While open-source advocates applaud the court ruling, the tech sector worries about its potential effects on innovation—and other companies
The Sept. 17 ruling by Europe's second-highest court affirming a landmark 2004 antitrust order against Microsoft (MSFT) is no mere bump in the road for the software giant. None other than Brad Smith, Microsoft's chief counsel, put the decision into the sweeping context it merits. The case, he said, will have an "extraordinary impact" that will occupy "the thoughts and discussions of many people, not just in the weeks ahead, but in the months and years to follow." The company hasn't yet decided whether to appeal (BusinessWeek, 9/17/07).
In a strongly worded, 244-page decision, the Luxembourg-based European Court of First Instance ordered Microsoft to obey a March, 2004 order by the European Commission to share confidential networking protocols with rivals and to offer a version of Windows without a built-in copy of the audio and video Media Player. The court also upheld the record $613 million fine levied against Microsoft. The verdict was read by the court's chief judge, Bo Vesterdorf, who, as expected, also announced his retirement the same day, ending his career with a flourish.
Network protocols, media players—it all seems a bit esoteric. But the impact of the ruling is enormous because it ushers in a stark new era for Microsoft. The European Commission now has the tools in its legal arsenal to continue pressing for modifications in the company's behavior, whether in product design or how Microsoft deals with competitors. That could limit the firm's ability to add features to Windows or force it to disclose once-secret technologies. "Microsoft's behavior will have to change, which means the market will change," says Alain Georges, an antitrust lawyer at Latham & Watkins in Brussels who was not involved in the case.
Fresh Vistas of Oversight?
The decision also boosts the likelihood that the commission will act on a separate complaint brought by a group of Microsoft competitors alleging that features added to the new Vista version of Windows will harm their businesses and limit consumer choice. "This landmark judgment sets a clear standard for Microsoft's future conduct and empowers the European Commission to impose it in the European market when necessary," said Thomas Vinje, a partner at the law firm Clifford Chance in Brussels, which is representing a coalition of tech companies behind the latest complaint, including IBM (IBM), Oracle (ORCL), and Nokia (NOK).

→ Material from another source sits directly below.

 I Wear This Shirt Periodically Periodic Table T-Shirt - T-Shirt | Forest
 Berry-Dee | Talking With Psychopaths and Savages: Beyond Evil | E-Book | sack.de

Equally important, Europe's victory against Microsoft could embolden regulators in other parts of the world to step up oversight of the company. South Korea's supreme court, for instance, is expected to rule Oct. 17 in an antitrust case brought by that country's fair trade commission alleging that Microsoft competed unfairly by weaving media-playing and instant-messaging capabilities into Windows.
Even the U.S., which prosecuted Microsoft during the Clinton Administration but has eased up on antitrust cases under President George W. Bush, could become more activist after next year's election. European Competition Commissioner Neelie Kroes says she plans to meet with her U.S. antitrust counterparts in Washington next week. Though it's a routine visit, the European court decision will undoubtedly be on the agenda.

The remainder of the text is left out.